To this end we designed and implemented a distributed 
software system based around the 8 -Puzzle. This 
system, which we named Sliders, was created to 
facilitate experimental data-gathering and answer the 
following research questions: 

• How does solution quality of computer- 
mediated groups compare to individuals 
supported by comparable software? 

• How does group performance compare to the 
average individual? 

• How does group performance compare to the 
best individual? 

• How does solution time vary according to 
similar comparisons? 

• If differences in solution quality and/or time 
are exhibited, which experimental variables 
correlate to the difference? 

• What effect does problem difficulty have on 
group and/or individual solution quality? 

Experiment Design 

The following hypotheses were constructed based on 
the findings of past investigations into CI (see 
Introduction) and our own intuitions regarding the 
research questions stated above. 

Hypothesis la: Group solution quality is higher than 
average individual solution quality at all difficulty 
levels. 

Hypothesis lb: Group solution superiority over the 
average individual is greater on hard problems than on 
easy problems. 



Hypothesis 2: Group solution quality is better than the 
best individual's solution quality at all difficulty levels. 

Hypothesis 3: Group solution time is greater than 
average individual solution time at all difficulty levels. 

To compare the performance of collaborative groups 
with the performance of individual subjects, we used a 
within subjects experimental design with two main 
experimental conditions. 57 undergraduate and 
graduate students were assigned to one of two groups. 

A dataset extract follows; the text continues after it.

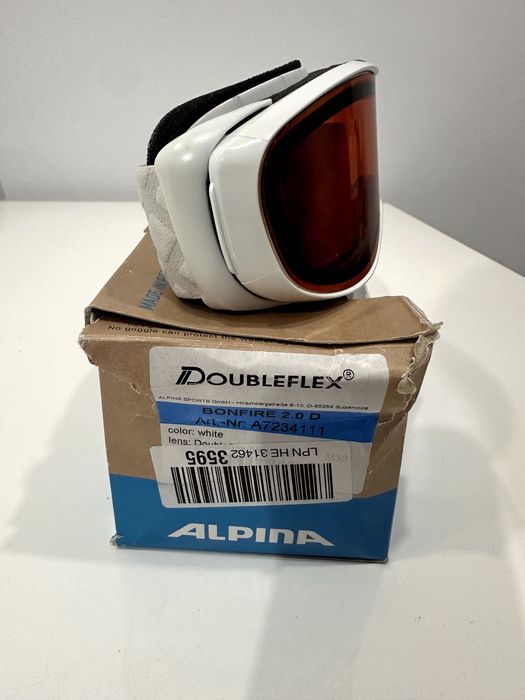 vand ochelari ski/ snowboard ALPINA albi cu lentila colorată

In the first experimental group (the Group Condition), 
subjects solved a series of 8 -Puzzle problems working 
together in a collaborative group. Under a 30-second 
time constraint, each subject voted for his or her 
favorite next move at each step of problem solving. 
The software then executed the move which received 
the most votes. Subjects played as many games as they 
could successfully solve within a 30 minute time 
period. Further, the sequence of problems was arranged 
so that each problem was slightly more difficult than 
the previous problem. Thus, subjects solved problems 
of increasing difficulty as the experiment progressed. 

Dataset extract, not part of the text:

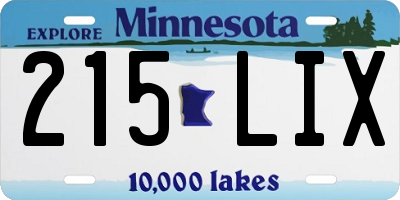 MN license plate 215LIX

In the second experimental group (the Solo Condition), 
subjects solved a series of 8-puzzle problems that 
increased in difficulty — just as the Group Condition 
did. However this time, the subjects worked alone. 
That is, each member of the solo group chose his or her 
favorite next move at each stage of problem solving 
and the software immediately made this next move. 
Thus while the Group Condition performance reflected 
the efforts of many individuals voting at each step, the 
Solo Condition performance reflected individual 
problem solving efforts. 

The within subjects design meant that the same players 
served in both experimental groups. Half of the players 
solved problems first in the Solo Condition and then 
later in the Group Condition. Other players solved 
problems first in the Group Condition and then later in 
the Solo Condition. This counterbalanced design was 
meant to control for possible learning as subjects 
gained more experience solving the problem. 

System Implementation 

Sliders is a particular instantiation of the well-known 
8-Puzzle tile sliding game. Along with its cousins the 
15-puzzle and 24-puzzle, this problem is based on 
simple rules yet proves very difficult in practice. 
Because of its combinatorially large problem space, it 
has for many years been used as a testbed for heuristic 
search techniques [16]. The N*N extension of the 8- 
Puzzle is known to be NP-hard [17]. 



The 8 -Puzzle consists of a 3x3 grid of eight numbered 
tiles from 1 to 8, and one empty slot. Given a 
scrambled initial layout of tiles, the player must 
rearrange the tiles into a goal configuration by sliding 
tiles orthogonally into the current empty slot. 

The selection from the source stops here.